Assignment:
Could you print, exactly as they stand, the lines from the one holding "Robot LED Nightstand" to the end of the data below, and nothing more?

Records drawn from a dataset:
_____
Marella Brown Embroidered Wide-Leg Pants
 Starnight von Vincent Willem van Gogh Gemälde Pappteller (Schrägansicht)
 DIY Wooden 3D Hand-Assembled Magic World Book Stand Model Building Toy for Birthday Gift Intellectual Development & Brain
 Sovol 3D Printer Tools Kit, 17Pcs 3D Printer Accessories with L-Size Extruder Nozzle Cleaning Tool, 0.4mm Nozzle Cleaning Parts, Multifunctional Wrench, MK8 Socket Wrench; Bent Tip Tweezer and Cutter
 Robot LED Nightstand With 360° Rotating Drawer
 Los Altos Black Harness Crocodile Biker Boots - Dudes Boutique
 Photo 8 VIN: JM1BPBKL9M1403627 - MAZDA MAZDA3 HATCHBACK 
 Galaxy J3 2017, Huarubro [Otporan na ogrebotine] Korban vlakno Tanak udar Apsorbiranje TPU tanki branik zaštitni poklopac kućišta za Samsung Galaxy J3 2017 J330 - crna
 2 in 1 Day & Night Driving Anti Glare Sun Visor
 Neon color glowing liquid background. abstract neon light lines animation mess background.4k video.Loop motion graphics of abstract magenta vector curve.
_____
Answer area:
 Robot LED Nightstand With 360° Rotating Drawer
 Los Altos Black Harness Crocodile Biker Boots - Dudes Boutique
 Photo 8 VIN: JM1BPBKL9M1403627 - MAZDA MAZDA3 HATCHBACK 
 Galaxy J3 2017, Huarubro [Otporan na ogrebotine] Korban vlakno Tanak udar Apsorbiranje TPU tanki branik zaštitni poklopac kućišta za Samsung Galaxy J3 2017 J330 - crna
 2 in 1 Day & Night Driving Anti Glare Sun Visor
 Neon color glowing liquid background. abstract neon light lines animation mess background.4k video.Loop motion graphics of abstract magenta vector curve.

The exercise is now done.